The goal of our models is to predict the fire radiative power of a full day, based on the fire of the previous day, its rate of measurement and meteorological data of the full 2 days. To split the long timeseries into 2 day samples, we use the fire_forecast.data_preparation.cut_data_all_samples
script. The script takes a netcdf file with the fire timeseries and the meteorological data and splits it into 2 day samples. Additionally it splits the data into train, test and validation sets. The usage is as follows:
usage: cut_data_all_shifts.py [-h] [--output_path OUTPUT_PATH] [--fire_number_threshold FIRE_NUMBER_THRESHOLD] [--measurement_threshold MEASUREMENT_THRESHOLD] [--validation_split VALIDATION_SPLIT]
[--test_split TEST_SPLIT]
data_paths [data_paths ...]
Script to select 48 hour snippets from long timeseries.
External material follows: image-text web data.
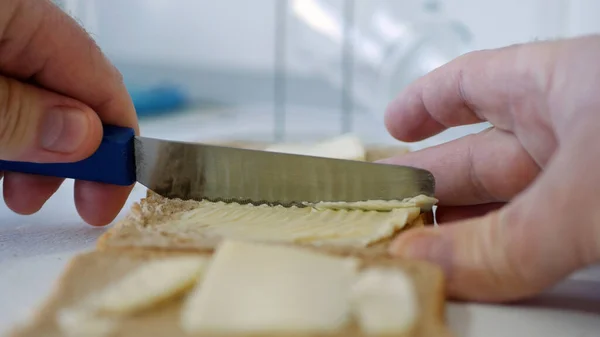 Frühstück mit Butter auf dem Toast, Margarine auf einer frischen Scheibe Brot in der Küche verteilen — Stockfoto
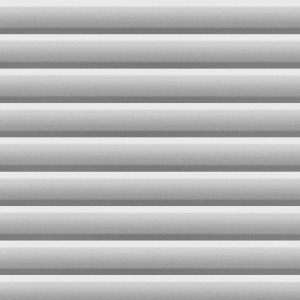 Detailaufnahme: Weißes Velux Solar-Verdunkelungsrollo für Flachdachfenster.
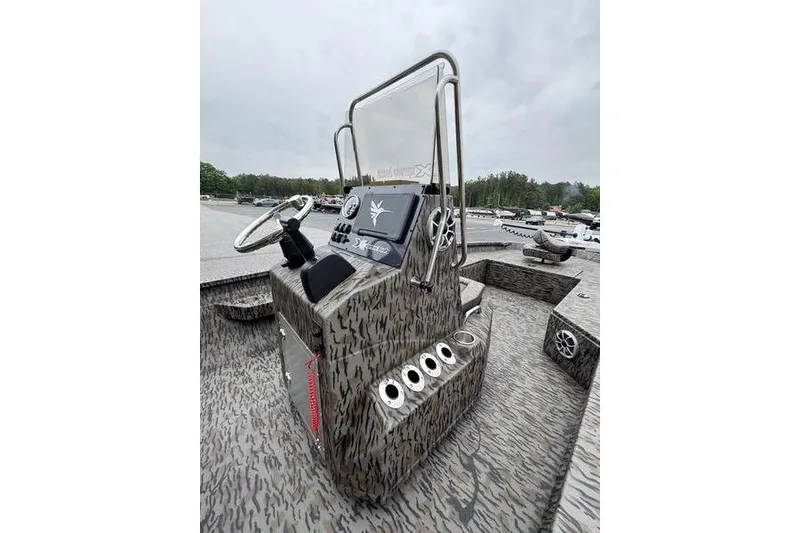 Slide: The Image of 2026 Xpress H22B Bay boat console with camouflage design and modern controls. - 9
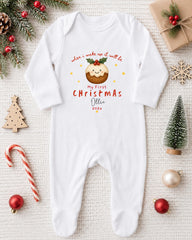 A white onesie with a Christmas-themed design, featuring a smiling puddigot, is displayed on a white background alongside various Christmas decorations and gifts.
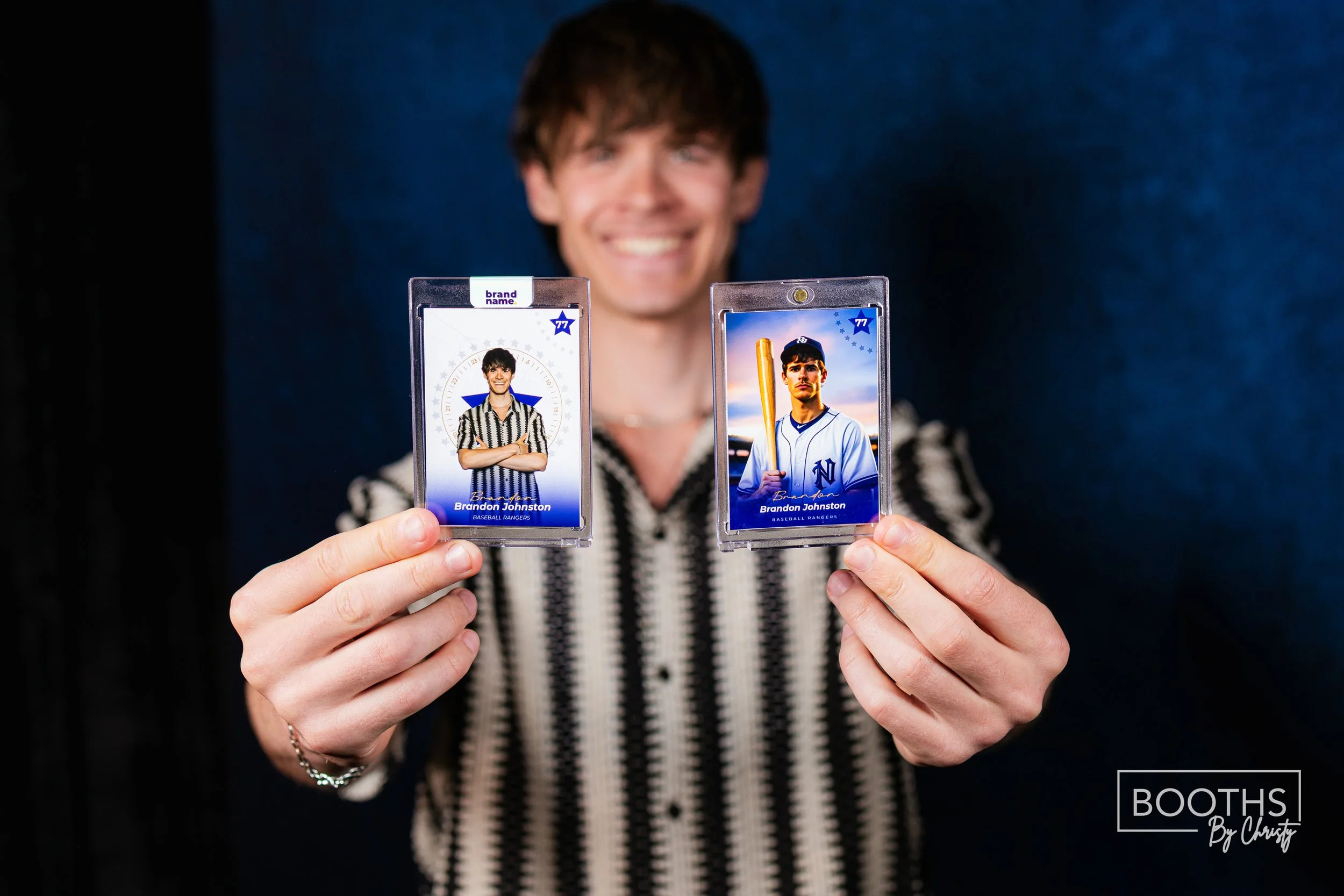 Person holding two digital sports cards, one of a baseball umpire and one of a baseball player with a bat, in front of a dark background.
Additionally, snippets are produced with 23 houly shifts for all possible 48 hour snippets.
positional arguments:
data_paths Paths of data to read.
options:
-h, --help show this help message and exit
--output_path OUTPUT_PATH
Path to output dataset.
--fire_number_threshold FIRE_NUMBER_THRESHOLD
Threshold value for number of fires in the 48 hour snippets (no threshold for intensity). Default: 1.
--measurement_threshold MEASUREMENT_THRESHOLD
Threshold value for the number of measured values in the 48 hour snippets (non-zero values in offire). Default: 1.
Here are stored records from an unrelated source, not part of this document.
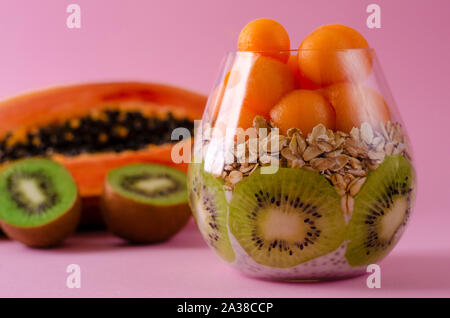 Fresche kiwi, papaia e oatmeals per una sana prima colazione su sfondo viola. La dieta del mangiare e del concetto di nutrizione. Copia spazio, vista frontale Foto Stock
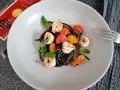 Czarny makaron z krewetkami, pomidorkami i bazylią na talerzu. Obok widoczna paczka spaghetti nero di seppia.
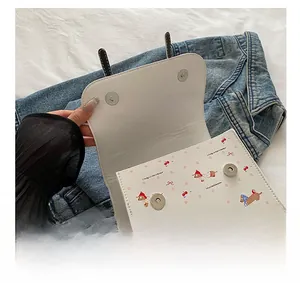 Détails du sac à main blanc avec boucles magnétiques argentées et motifs de chiens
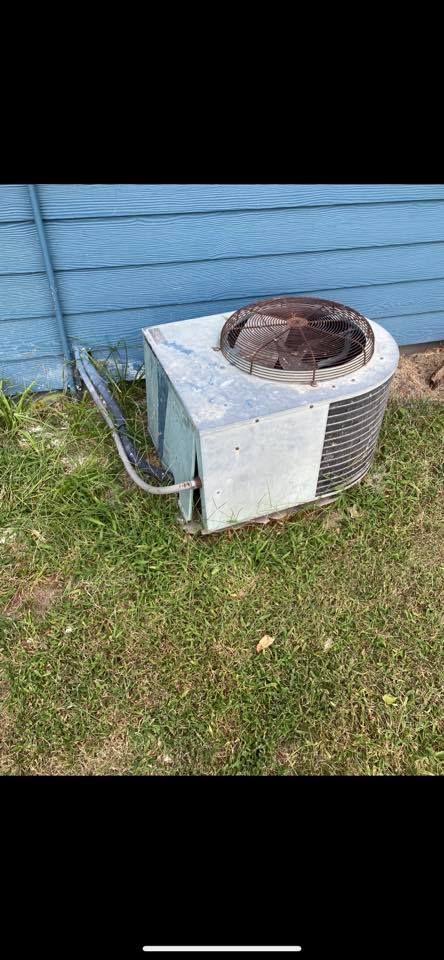 Outdoor air conditioner unit beside a blue house wall on grass, with a rusted top cover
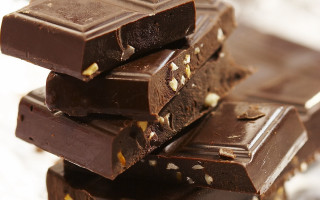 Chocolate bars stack table top - decadent free wallpaper for desktop
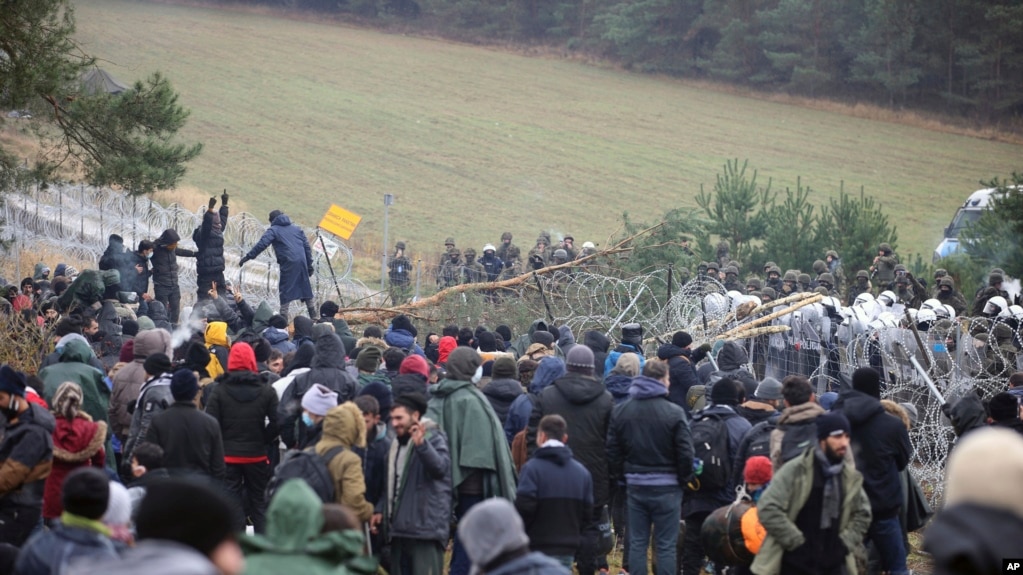 Мигранты штурмуют забор на границе Польши и Беларуси с белорусской стороны. Район Гродно, 8 ноября 2021 года
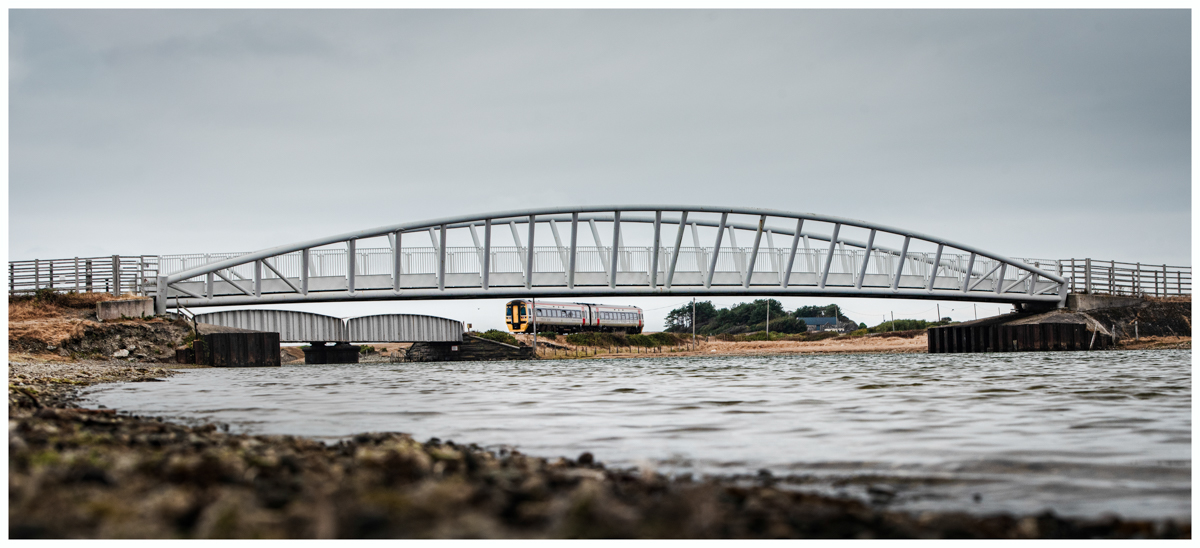 Crossing the Dysynni
158839 working 2J07, the 08.08 Birmingham International to Pwllheli crossing Afon Dysynni between Tywyn and Tonfanau, framed by the Bailey Bridge, Monday 17.8.26
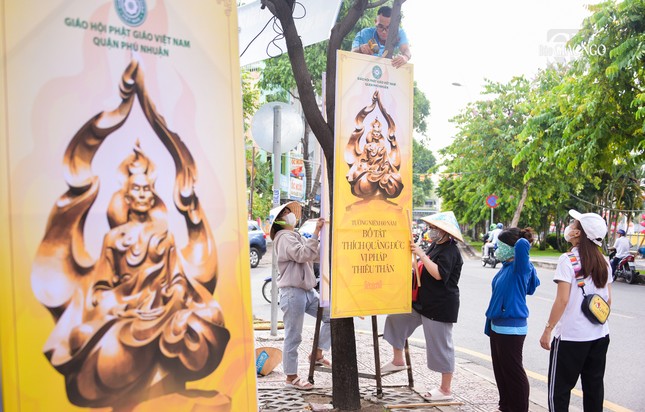 Các bạn trẻ treo áp phích tưởng niệm 60 năm Bồ-tát Thích Quảng Đức vị pháp thiêu thân bên dòng kênh Nhiêu Lộc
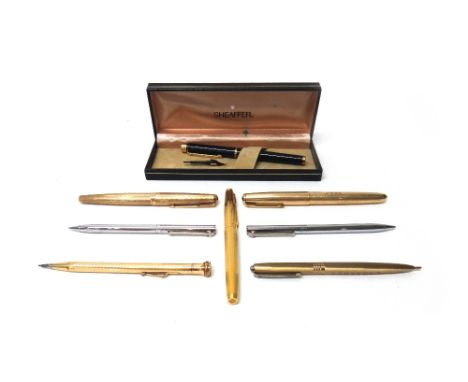 A 9ct gold cased Parker fountain pen, having engine turned decoration, London 1970, a gilt metal mounted black plastic Sheaff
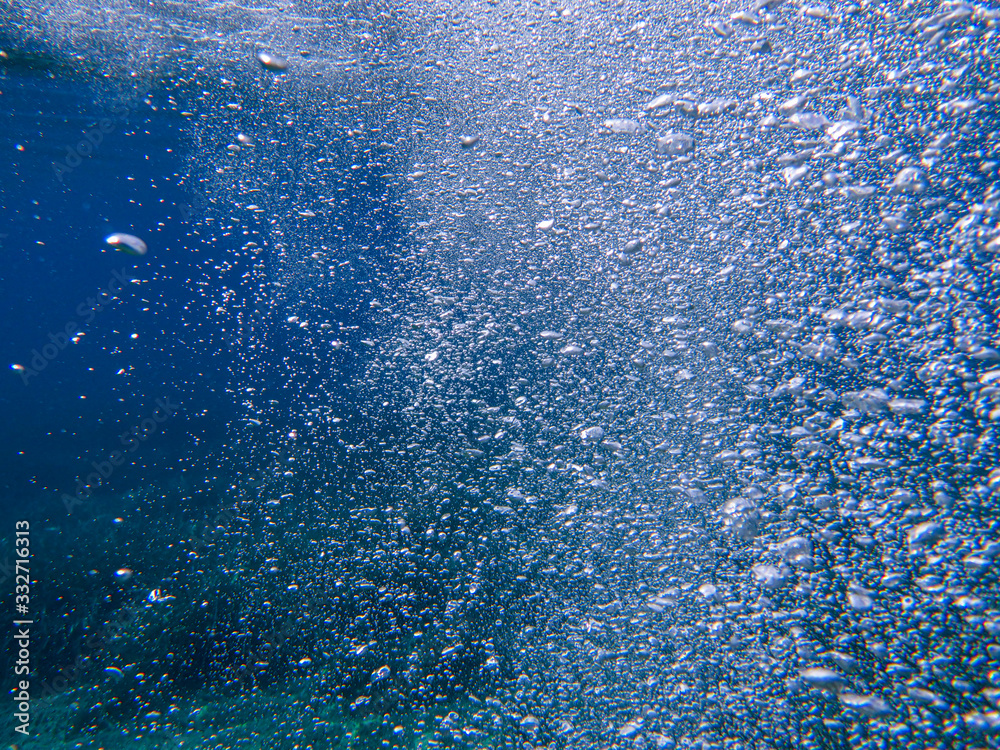 Air bubbles in blue water - underwater life off the Kastos island coast, Ionian Sea, Greece - abstract background. Air bubbles in blue water - underwater life off the Kastos island coast, Ionian Sea, Greece - abstract background.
--validation_split VALIDATION_SPLIT
Validation split fraction (between 0 and 1). Default: 0.
--test_split TEST_SPLIT
Test split fraction (between 0 and 1). Default: 0.
The data is saved in netcdf format, which is not ideal for training deep learning models. Therefore we convert the data to h5 format with the fire_forecast.data_preparation.create_training_set
script. The usage is as follows:
usage: create_training_set.py [-h] [--filename_start FILENAME_START] [--filter_nans FILTER_NANS] [--fire_number_threshold_first_day FIRE_NUMBER_THRESHOLD_FIRST_DAY]
[--measurement_threshold_first_day MEASUREMENT_THRESHOLD_FIRST_DAY] [--fire_number_threshold_second_day FIRE_NUMBER_THRESHOLD_SECOND_DAY]
[--measurement_threshold_second_day MEASUREMENT_THRESHOLD_SECOND_DAY]
input_path output_file meteo_variables [meteo_variables ...]
Create a training set in h5 format from the postprocessed data snippets in netCDF format. Additional filtering can be applied to the data.
positional arguments:
input_path Path to the postprocessed data file or directory of files thatare to be concatenated.
output_file Path to the output file.
meteo_variables List of meteo variables to include in the training set.
options:
-h, --help show this help message and exit
--filename_start FILENAME_START
File name start of all files to choose from the input directory.
--filter_nans FILTER_NANS
Whether to filter out nan values. Default: True.
--fire_number_threshold_first_day FIRE_NUMBER_THRESHOLD_FIRST_DAY
Data with less fire occurencies (non-zero values in frpfire) on the first day are filtered out. Default: 1.
--measurement_threshold_first_day MEASUREMENT_THRESHOLD_FIRST_DAY
Data with less measurements (non-zero values in offire) on the first day are filtered out. Default: 1.
--fire_number_threshold_second_day FIRE_NUMBER_THRESHOLD_SECOND_DAY
Data with less fire occurencies (non-zero values in frpfire) on the second day are filtered out. Default: 1.
--measurement_threshold_second_day MEASUREMENT_THRESHOLD_SECOND_DAY
Data with less measurements (non-zero values in offire) on the second day are filtered out. Default: 1.
Deep learning tools are found in the module fire_forecast.deep_learning
. Here, you find the desciption of the main parts of the module and how to use them.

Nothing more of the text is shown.